Words do things. What they do, depends on the manner in which they are said, written and received.

What they did, and failed to do, last night is something that requires some reflection.

That is the purpose of this post on my visit to the Catholic University of America to deliver a keynote address to the 2012 freshman class.

When I was invited, I was encouraged to do something innovative and unconventional with technology, so I invited students to use twitter to participate in a shared experience designed to perform the central idea for which I advocated in the lecture:

The real value of a liberal arts education is political because it teaches us how to speak, act and respond to one another in ways that enable us, if we are willing and graceful enough, to create enriching public communities that are the conditions under which a fulfilling human life is possible.

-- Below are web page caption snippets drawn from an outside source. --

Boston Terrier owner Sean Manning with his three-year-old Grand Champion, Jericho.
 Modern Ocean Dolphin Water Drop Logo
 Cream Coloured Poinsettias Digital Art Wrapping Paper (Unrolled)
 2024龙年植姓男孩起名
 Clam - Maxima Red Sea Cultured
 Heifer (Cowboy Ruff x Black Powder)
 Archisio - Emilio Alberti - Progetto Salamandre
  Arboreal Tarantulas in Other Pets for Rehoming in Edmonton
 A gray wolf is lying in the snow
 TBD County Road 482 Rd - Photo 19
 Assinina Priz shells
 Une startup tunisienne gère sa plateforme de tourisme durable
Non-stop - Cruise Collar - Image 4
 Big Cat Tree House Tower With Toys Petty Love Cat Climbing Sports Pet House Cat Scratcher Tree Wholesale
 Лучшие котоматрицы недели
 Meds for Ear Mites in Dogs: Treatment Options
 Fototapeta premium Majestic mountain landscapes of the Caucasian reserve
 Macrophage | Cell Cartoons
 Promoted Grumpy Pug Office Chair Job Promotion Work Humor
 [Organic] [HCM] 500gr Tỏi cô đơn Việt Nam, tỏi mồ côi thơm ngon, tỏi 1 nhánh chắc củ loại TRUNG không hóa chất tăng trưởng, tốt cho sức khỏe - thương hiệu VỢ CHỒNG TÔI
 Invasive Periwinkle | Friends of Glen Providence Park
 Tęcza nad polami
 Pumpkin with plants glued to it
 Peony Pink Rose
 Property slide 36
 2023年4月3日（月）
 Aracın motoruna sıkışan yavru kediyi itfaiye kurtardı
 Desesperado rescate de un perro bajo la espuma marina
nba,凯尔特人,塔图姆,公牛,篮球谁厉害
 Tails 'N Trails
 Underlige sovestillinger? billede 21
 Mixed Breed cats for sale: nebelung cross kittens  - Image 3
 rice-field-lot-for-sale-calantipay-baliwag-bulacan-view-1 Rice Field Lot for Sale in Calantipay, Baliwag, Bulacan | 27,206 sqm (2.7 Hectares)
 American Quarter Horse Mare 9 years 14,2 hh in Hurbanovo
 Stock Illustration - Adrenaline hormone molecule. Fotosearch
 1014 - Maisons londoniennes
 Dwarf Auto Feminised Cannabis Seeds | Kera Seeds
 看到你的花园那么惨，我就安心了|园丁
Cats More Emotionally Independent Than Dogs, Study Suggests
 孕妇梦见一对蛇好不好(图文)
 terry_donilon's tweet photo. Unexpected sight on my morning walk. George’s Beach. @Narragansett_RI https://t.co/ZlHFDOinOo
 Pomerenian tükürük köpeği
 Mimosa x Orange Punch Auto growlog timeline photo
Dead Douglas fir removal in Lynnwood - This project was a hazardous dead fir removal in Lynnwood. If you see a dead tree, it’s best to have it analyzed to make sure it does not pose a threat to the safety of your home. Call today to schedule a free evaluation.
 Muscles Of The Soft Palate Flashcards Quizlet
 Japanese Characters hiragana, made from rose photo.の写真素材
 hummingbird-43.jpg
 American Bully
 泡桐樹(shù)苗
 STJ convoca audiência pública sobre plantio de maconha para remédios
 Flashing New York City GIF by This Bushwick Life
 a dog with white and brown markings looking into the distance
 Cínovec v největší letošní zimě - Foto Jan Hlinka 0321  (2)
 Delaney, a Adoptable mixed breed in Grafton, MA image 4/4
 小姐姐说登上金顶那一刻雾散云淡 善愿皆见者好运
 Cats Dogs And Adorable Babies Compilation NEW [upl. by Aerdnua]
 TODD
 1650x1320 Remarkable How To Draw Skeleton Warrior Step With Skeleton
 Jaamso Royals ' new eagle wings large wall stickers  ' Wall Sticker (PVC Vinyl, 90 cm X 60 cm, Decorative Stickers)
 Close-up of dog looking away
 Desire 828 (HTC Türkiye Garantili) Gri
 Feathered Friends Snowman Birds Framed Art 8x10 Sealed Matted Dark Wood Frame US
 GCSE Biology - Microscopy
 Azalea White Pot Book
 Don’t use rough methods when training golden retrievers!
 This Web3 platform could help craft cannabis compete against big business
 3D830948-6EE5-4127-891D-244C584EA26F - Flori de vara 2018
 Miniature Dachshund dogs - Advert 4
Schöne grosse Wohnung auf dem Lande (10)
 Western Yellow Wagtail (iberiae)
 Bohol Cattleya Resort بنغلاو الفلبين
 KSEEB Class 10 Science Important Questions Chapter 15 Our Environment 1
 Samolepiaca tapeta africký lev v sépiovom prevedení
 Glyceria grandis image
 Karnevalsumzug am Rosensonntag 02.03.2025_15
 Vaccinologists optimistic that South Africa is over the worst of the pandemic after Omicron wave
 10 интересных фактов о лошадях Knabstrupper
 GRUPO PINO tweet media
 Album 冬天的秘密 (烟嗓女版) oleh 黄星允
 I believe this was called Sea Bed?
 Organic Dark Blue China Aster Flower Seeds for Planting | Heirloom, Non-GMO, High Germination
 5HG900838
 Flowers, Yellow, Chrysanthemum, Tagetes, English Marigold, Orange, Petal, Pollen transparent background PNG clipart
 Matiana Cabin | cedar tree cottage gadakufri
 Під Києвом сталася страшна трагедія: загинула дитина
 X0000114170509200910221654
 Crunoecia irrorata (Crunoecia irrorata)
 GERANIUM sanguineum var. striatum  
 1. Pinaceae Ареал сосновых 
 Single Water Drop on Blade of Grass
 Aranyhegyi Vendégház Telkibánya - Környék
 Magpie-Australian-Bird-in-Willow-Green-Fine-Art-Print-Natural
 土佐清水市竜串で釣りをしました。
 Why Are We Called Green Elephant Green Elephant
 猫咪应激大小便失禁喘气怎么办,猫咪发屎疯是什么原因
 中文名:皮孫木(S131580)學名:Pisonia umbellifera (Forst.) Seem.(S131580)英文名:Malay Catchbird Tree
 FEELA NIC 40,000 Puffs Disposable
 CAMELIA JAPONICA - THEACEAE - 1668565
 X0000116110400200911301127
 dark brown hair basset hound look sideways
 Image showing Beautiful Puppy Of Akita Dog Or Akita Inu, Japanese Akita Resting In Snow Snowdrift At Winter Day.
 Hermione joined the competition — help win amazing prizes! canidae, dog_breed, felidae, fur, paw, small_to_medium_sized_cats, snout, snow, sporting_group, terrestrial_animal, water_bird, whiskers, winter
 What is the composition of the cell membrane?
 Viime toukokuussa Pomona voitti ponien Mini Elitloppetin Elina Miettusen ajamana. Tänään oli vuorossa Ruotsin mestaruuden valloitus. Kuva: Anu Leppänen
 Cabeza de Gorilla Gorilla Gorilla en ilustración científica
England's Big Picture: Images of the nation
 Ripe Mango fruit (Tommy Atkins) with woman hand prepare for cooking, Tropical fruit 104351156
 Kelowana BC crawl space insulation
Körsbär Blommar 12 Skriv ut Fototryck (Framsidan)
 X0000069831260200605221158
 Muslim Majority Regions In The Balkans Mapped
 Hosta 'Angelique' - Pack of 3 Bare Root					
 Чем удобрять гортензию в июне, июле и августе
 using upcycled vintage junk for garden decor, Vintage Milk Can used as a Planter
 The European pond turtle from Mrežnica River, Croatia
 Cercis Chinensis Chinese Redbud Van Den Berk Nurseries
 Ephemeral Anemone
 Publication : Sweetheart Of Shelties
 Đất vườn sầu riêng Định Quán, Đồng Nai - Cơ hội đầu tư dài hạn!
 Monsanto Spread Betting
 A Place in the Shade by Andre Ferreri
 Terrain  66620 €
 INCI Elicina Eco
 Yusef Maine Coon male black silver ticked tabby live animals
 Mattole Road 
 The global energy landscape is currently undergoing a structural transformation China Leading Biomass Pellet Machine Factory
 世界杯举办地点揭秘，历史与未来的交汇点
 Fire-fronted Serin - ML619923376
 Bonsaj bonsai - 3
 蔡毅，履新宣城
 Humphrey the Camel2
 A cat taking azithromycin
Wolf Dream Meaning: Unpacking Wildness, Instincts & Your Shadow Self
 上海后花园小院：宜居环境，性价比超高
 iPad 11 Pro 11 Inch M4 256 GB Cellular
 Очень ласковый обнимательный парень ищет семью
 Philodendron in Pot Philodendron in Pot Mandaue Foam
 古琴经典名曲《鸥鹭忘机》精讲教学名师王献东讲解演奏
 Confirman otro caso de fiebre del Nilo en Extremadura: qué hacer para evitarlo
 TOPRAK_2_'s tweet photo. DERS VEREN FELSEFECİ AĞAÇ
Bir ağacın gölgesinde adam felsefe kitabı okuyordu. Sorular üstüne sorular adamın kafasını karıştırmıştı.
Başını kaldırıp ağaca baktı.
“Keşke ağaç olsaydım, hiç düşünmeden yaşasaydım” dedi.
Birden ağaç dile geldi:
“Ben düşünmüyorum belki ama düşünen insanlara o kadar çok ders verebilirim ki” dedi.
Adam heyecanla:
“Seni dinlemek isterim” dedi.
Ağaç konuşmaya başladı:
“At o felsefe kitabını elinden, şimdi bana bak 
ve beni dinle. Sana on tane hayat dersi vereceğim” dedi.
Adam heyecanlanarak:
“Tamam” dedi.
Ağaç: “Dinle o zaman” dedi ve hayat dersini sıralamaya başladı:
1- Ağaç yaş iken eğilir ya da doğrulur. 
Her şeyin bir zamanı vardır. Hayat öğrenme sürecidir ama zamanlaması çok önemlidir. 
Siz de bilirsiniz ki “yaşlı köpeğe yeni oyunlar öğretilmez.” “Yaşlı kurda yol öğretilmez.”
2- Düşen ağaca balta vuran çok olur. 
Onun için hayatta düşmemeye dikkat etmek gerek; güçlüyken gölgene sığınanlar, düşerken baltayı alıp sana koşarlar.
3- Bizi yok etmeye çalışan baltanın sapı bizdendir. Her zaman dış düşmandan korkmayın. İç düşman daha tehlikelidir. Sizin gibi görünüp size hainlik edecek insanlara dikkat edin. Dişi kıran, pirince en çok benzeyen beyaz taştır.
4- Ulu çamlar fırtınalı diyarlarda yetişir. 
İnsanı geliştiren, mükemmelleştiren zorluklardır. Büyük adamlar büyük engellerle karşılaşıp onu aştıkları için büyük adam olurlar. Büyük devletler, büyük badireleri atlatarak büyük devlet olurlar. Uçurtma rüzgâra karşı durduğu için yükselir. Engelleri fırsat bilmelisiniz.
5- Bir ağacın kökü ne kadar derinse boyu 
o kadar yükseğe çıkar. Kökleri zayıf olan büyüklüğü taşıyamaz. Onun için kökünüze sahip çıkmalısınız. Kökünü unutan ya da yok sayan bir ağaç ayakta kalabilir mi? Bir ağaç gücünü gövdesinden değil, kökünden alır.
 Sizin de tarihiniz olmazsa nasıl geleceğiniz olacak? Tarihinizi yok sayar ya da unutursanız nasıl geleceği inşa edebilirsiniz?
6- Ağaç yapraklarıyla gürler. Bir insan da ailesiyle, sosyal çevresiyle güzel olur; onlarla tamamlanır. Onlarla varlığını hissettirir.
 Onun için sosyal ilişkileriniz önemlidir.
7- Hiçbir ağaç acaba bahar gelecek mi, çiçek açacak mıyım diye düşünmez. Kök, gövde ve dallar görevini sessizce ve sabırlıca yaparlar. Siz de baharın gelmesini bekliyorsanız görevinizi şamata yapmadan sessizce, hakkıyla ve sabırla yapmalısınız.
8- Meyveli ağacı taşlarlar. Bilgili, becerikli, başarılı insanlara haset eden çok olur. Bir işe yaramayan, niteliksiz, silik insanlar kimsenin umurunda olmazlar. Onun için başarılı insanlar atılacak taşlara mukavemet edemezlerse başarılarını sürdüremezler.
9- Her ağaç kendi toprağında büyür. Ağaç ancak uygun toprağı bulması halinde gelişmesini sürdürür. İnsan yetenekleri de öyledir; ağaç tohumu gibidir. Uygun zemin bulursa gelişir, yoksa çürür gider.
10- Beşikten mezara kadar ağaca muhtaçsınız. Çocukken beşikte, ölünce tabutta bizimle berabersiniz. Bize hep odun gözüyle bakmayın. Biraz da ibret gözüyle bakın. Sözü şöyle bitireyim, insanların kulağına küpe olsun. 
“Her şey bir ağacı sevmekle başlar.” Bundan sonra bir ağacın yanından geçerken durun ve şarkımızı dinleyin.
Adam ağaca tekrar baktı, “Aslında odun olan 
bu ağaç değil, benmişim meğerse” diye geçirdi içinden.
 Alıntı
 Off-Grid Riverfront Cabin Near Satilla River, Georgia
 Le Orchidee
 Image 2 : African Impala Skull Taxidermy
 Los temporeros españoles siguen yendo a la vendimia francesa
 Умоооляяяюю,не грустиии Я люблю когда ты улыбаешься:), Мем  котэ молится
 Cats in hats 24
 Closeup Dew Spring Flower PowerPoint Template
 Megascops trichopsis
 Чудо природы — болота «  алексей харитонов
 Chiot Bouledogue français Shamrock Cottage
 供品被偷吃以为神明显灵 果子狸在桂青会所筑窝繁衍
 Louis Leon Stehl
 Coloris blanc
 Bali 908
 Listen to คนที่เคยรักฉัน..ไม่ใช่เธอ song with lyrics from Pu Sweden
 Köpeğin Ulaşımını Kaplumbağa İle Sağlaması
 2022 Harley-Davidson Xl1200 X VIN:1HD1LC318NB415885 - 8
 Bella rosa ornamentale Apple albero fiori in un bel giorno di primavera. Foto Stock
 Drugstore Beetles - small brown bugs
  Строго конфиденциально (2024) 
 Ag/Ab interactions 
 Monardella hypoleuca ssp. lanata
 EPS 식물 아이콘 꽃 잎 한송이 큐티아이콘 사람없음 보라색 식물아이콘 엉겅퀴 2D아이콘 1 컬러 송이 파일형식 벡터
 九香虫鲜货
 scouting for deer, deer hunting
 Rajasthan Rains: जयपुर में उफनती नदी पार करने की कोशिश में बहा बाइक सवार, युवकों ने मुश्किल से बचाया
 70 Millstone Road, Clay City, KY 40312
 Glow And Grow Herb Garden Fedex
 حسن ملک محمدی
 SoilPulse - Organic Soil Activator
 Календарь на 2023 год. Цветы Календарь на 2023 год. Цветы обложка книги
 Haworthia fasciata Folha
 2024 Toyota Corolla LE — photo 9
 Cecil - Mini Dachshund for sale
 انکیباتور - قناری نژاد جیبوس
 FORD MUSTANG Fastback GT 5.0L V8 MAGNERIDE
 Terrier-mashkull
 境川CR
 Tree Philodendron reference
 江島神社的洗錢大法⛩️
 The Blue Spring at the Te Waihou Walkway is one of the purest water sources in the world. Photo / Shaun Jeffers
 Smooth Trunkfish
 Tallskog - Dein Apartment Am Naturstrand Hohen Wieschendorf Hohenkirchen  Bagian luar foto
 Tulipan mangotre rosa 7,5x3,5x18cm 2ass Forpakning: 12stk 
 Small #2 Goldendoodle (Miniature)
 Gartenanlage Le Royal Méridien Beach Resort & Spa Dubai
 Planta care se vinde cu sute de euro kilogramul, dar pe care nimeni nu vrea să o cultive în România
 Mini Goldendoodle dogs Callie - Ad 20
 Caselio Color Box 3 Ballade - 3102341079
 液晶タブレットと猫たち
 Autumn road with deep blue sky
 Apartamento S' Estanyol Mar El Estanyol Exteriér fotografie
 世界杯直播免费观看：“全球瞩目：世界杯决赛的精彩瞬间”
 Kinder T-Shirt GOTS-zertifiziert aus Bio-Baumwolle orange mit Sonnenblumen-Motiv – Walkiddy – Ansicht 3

The lecture was designed as a performance in which students would be empowered to actively and publicly engage with the question of the liberal arts and politics so that we might directly experience our shared ability (and inability) to create an enriching public space of community and communication.


The Design

The lecture was designed on three levels.

First, the written text was rather traditional. It was organized around Athena’s encounter with the Furies in Aeschylus’s Eumenides. I argued that the story illustrated how our ability to imagine our way into the position of others, particularly those with whom we disagree, is the central virtue of a liberal arts education and the key to establishing healthy and flourishing communities.

Second, I used Keynote to create slides with images and quotations that supported and augmented the points the written text made. These slides were not merely designed to reinforce the written text, but were themselves meant to add value to the lecture by exposing students to a rich history of artwork and imagery about Athena, the Furies, and the judgment of Orestes.

Third, through my keynote slides, I was able to live tweet my own lecture: when a slide appeared, I had pre-written a tweet to go with it. These tweets, like the slides themselves, were designed to add another layer of meaning and texture to the lecture.

To give you a sense of how the images and the tweets were designed, I created a specific Storify just with my tweets and some of the artwork included in the lecture.


A Good Plan and a Calculated Audible

Because I had experience using twitter in front of a large audience of first year students at Penn State that deteriorated quickly once students realized they could tweet snarky comments to a screen that everyone would immediately see, I knew I would need a way to moderate the tweets before they appeared on screen. We used the #cuafye hashtag (Catholic University of America, First Year Experience) to curate the tweets, but we needed a way to filter out those that were immature, overly snarky or otherwise impoverishing of the community we wanted to cultivate.

The plan was to have Taylor Fayle use the @MyCUA_FYE twitter account to retweet only those tweets he felt added value to the conversation. The idea was not to censor students–they would still be able to see anything posted to the #cuafye hashtag on their personal devices. Rather, we wanted to add a layer of review to ensure the level of the conversation reinforced the points the lecture articulated.

We thought we had it worked out too, but about 20 minutes before we started, we realized that the way it was set up would not update and scroll quickly enough to accommodate the tweets we were by then already receiving.

So I called an audible and told Todd to allow the raw hashtag feed to run, knowing full well that the dynamics of the entire lecture would thereby be altered.

It was … and not for the better.

And yet, strangely enough, I think the shared experience was educationally richer, if intellectually and emotionally more taxing.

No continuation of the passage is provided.